Programmatic bidding algorithms aren’t always aligned with campaign goals, so agencies are relying on AI tech to create algorithms tailored to their campaigns instead.
Butler/Till ran a display ad campaign on behalf of a financial services client between August and September last year that utilized tech from SWYM.ai, a company that provides programmatic decisioning tools to aid in deal curation.
The agency used SWYM.ai’s SCaLE optimization tool, which stands for Smart Curation and Learning Engine, to overcome some limitations baked into the campaign strategy and legacy ad tech.
The tool allowed Butler/Till to evaluate more potential impressions within the campaign’s narrow geotargeting than the agency would have been able to otherwise, said Ryan Lammela, group director, channel activation at Butler/Till. And it curated the impressions that were most likely to convert into a private marketplace sold through Index Exchange while optimizing that PMP on a daily basis.
As a result, the brand saw a 56% increase in conversion rate and a 26% decrease in cost per conversion, compared to a control portion of the campaign that did not use SWYM.ai’s tool.
The tool also reduced the number of domains on which the campaign ran by 52%, which helped Butler/Till cut out nonperforming inventory and avoid made for advertising (MFA) sites, Lammela said.

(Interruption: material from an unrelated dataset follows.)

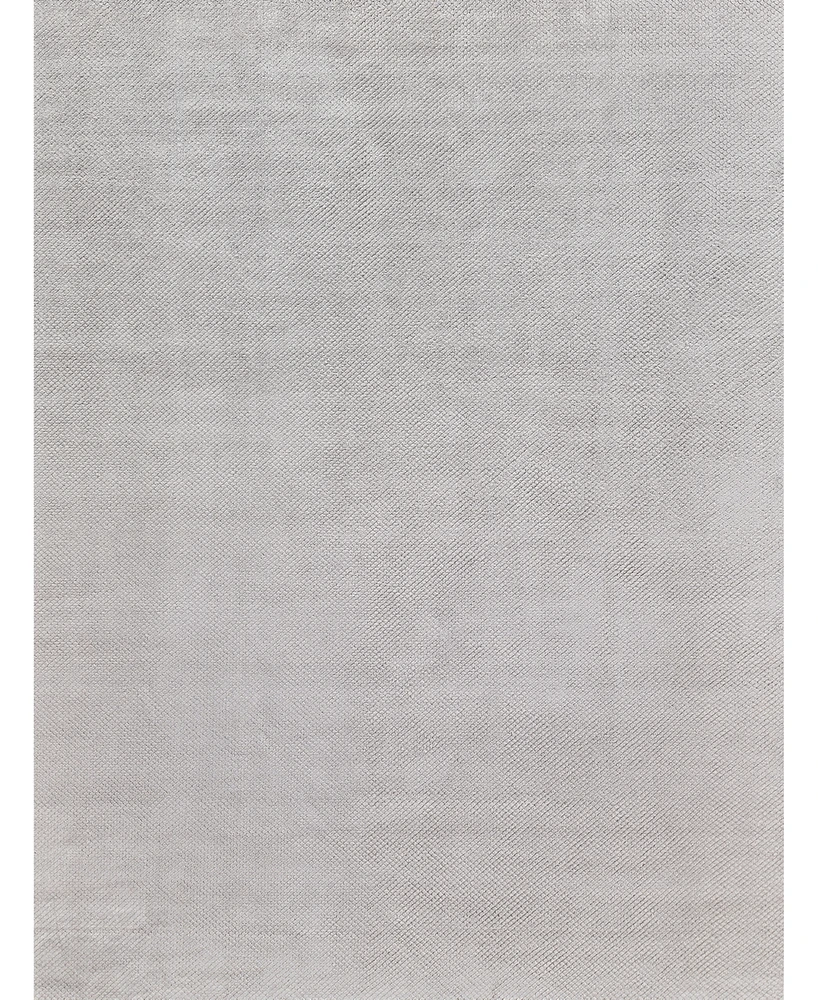 Exquisite Rugs Cultivated Pearl 6'x9' Area Rug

Avoiding MFA was particularly important because these impressions don’t perform as well as non-MFA impressions, he said. Plus, agencies can’t always trust the conversion data they get from MFA sites, where users are more likely to accidentally click on the profusion of ads on the page.
Curating performance
In other words, Butler/Till’s main motivation for using the SWYM.ai tool was to cut programmatic waste by focusing only on highly performant inventory and high-value leads.
Agencies need guidance when targeting high-performing inventory, because DSPs are trained to send buyers bid requests for the impressions they’re most likely to bid on – not necessarily the impressions that will perform best for the campaign, Lammela said.
So Butler/Till used SWYM.ai’s tool to curate a PMP that only contained ad impressions for users that were highly likely to convert. To build these PMPs, the tool examined sell-side optimization signals provided by Index Exchange, as well as buy-side signals derived from the DSP, in this case Google DV360.
Attribution data from users interacting with the ads was pulled from Google Marketing Platform’s Floodlight conversion and event tracking. And data about which publishers served high-performing ads – and which ad formats performed best – came from Index Exchange.
The goal of the campaign was to raise awareness for the financial services brand. So the campaign KPIs included site visits to the brand’s owned and operated page, as well as leads generated when users provided their contact info, Lammela said.
The SWYM.ai tool was able to identify which bid requests most frequently led to landing page visits and lead generation, said Andrew Altersohn, co-founder and president of SWYM.ai. It then packaged lookalike impressions into a PMP that could be updated on a daily basis, based on these optimization signals.
“We’re identifying aspects of the bid requests that have performant characteristics – anything from domains to geos to ad sizes to device types to channels,” Altersohn said. Once it’s identified these characteristics, the AI tool can create a PMP of similar impressions via an API integration with the SSP.
Curating at scale
Of course, working through one SSP and limiting the number of publishers on which the ads ran isn’t exactly a recipe for scale.
Plus, the campaign was targeted to users within tight geographic areas around specific physical locations, Lammela said. Restricting a programmatic campaign to a handful of ZIP codes limits the campaign’s potential reach and the amount of targeting parameters that can be reasonably applied, he added.
But the SWYM.ai tool helped Butler/Till achieve greater reach by finding bid requests within those tight geos that the DSP may not have surfaced otherwise, Lammela said. Plus, because the tool is passing optimization signals back and forth with the SSP, the SSP is better able to send bid requests that align with what the buyer is looking for.
“Any tool that allows us to have more bid requests that are being evaluated [within those geos] becomes extremely helpful,” Lammela said. Butler/Till’s goal was to level up the amount of impressions it was getting in these tight areas in order to have a greater pool of performant inventory to pull from.
In that sense, deal curation and AI are more than just hype for Butler/Till, Lammela added. They’re helping the agency take back control from legacy algorithms when it comes to how to spend clients’ budgets.
“We can take a little bit of control back from DSPs that are usually pretty heavily focused on QPS, and not necessarily giving us opportunities that are going to convert, but opportunities that we’re going to buy,” he said.
This approach is also a way to avoid the race to the bottom that has biased buying platforms toward surfacing cheap reach sourced from MFA and other shady publishers.
“We want to scale, too,” Lammela said, “but when we can have scale with performance, obviously it’s better.”